Are you staying slightly bent over after you unrack the bar? This causes the bar to stay on your back and take the weight off your hands.

It sounds like you don’t have the bar in the right position. I’m 5’'9" 160lb and have enough meat there to shelf the bar, so you must have enough at 190. Instead of worrying about the spine of the scapula, think more of resting the bar on the meat of your rear deltoid. You may also need to adjust your grip width to get the proper shelf. Taking some form checks and/or seeing a coach in person would probably be advisable. That being said, if you can’t low bar squat properly without injuring yourself and you have to high bar the sky will not come crashing down. You will be fine.

I heard the sun might literally explode if you switch to high bar squat.

Jokes aside, same advice as everyone else: post a form check, probably from a back view, that shows how you get under the bar and unrack, just to make sure there’s no flaws in how your setting up. Elbow position, bar position, thoracic extension, etc etc. If you’re setting up the low bar squat correctly and still can’t do it pain free, then hey, just high bar squat. I don’t think it’s a big deal unless you plan to be legitimately competitive in a meet. Even then, there’s some ultra strong high bar squatters out there.

That said, I think the low bar squat is almost always uncomfortable when someone first learns to do it, and takes a few weeks to get used to it, but it should definitely be pain free.

I would do everything in your power to low bar squat correctly. And if after doing everything in your power to do the movement correctly you still can’t without significant pain, I’d keep getting strong with high bar as others have said.

Those things are:

  1. Post a form check here and/or SS coaches forum
  2. See a SSC in person – you don’t even have to pay for personal training. Just show up at a SS gym, pay for a day pass, and a coach will almost surely help you fix your squat.
  3. Reread the blue book 7 more times, GOMAD, reset to a weight you can low bar squat without pain and DTFP. #AlwaysBeLPing. JK :wink:

Yeah. I’m NDTP. I reasoned that it’s better to high-bar rather than not squatting at all, even with the risk of the sun exploding. :wink: I’ll do some video form checks soon.

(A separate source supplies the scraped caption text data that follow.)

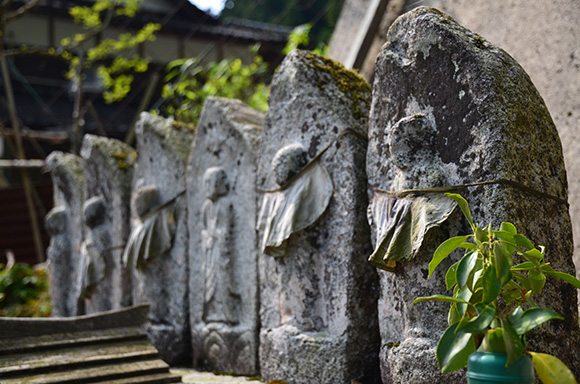 因幡街道(智頭往還)を行く  志戸坂峠を越え智頭宿へ_e0164563_15284765.jpg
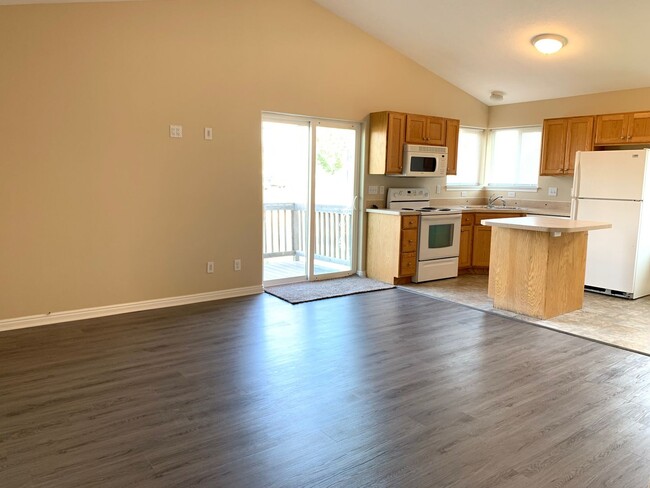 Building Photo - 3 Bed, 2 Bath Town Home w/ 2 Car Garage - ...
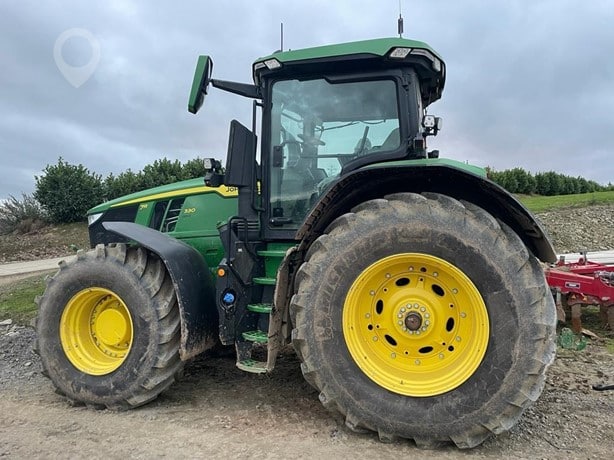 2020 John Deere 7R 350 Tractor - Wheel for sale — view 2
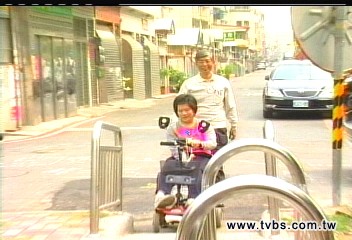 慈父鬥官/為腦麻女爭平坦路 慈父鬥官5年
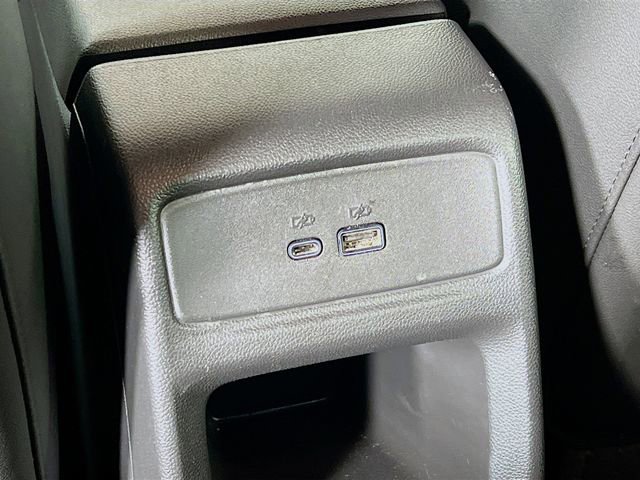 Used 2025 Chevrolet Trax LT image 30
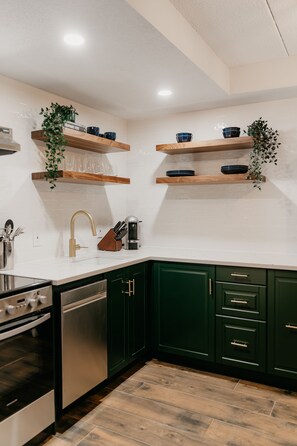 Private kitchen - Summer Dream! The Handle Studio (Dover)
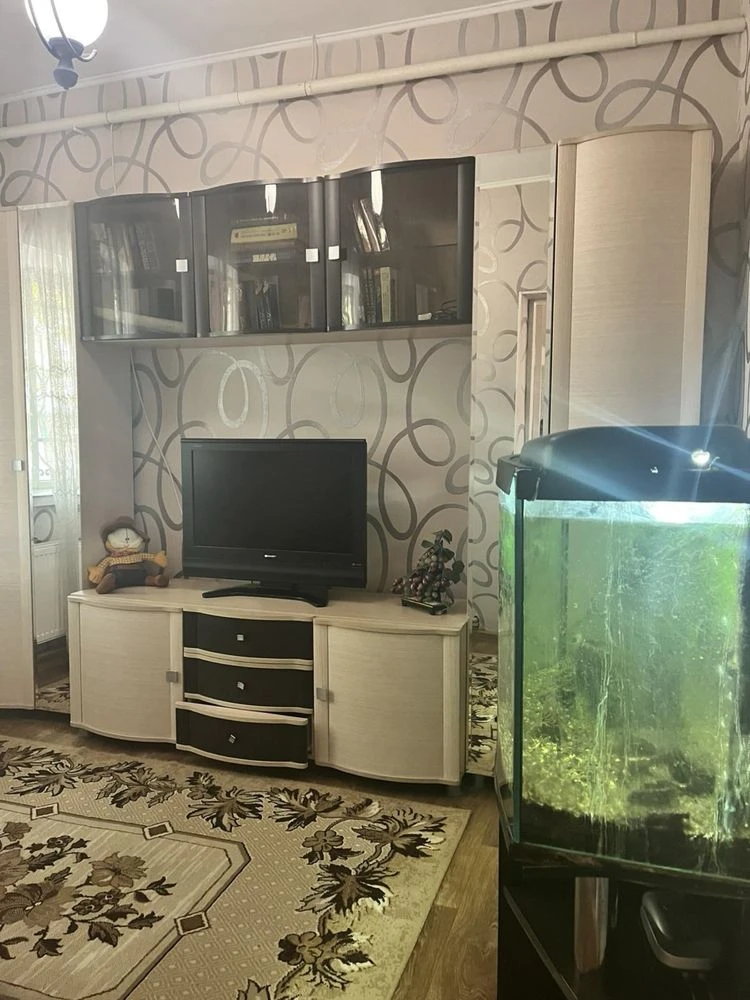 Продается хозяйский дом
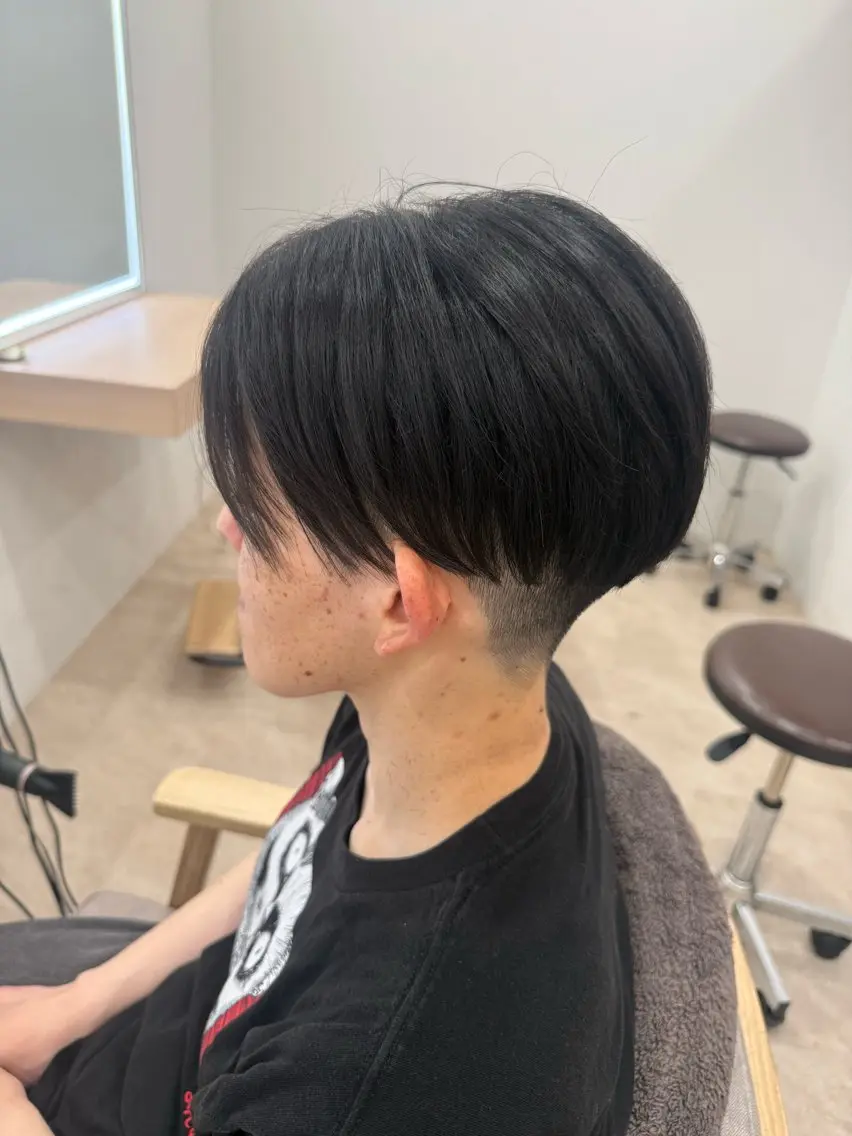 ショート littleesta 那月のヘアスタイル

I have small rear delts, which I assume is due to not rowing enough. Frankly, I don’t really show muscle. Perhaps the added rowing volume in the Bridge will build up those rear delts over time.

It sounds like you are either not getting your back tight enough or you need to pull your elbows up. In some of the SS videos you can see incredibly small women able to produce enough ‘shelf’ to low bar squat. For instance the below link at ~33 sec in.

This is something that I struggled with early on in my LP. I fixed it by tightening my back and not standing up super straight when walking the bar out \ at lock out. Look at how Jordan is leaning forward while unracking the bar.

Getting in the low bar position without weight on the bar is always the most uncomfortable thing for me (ie warmups). Also, the more you do it, the better you’ll be at it/more comfortable you’ll be with it. Maybe play with your hand position as well. Thumbs around the bar seem to be the only thing I can do.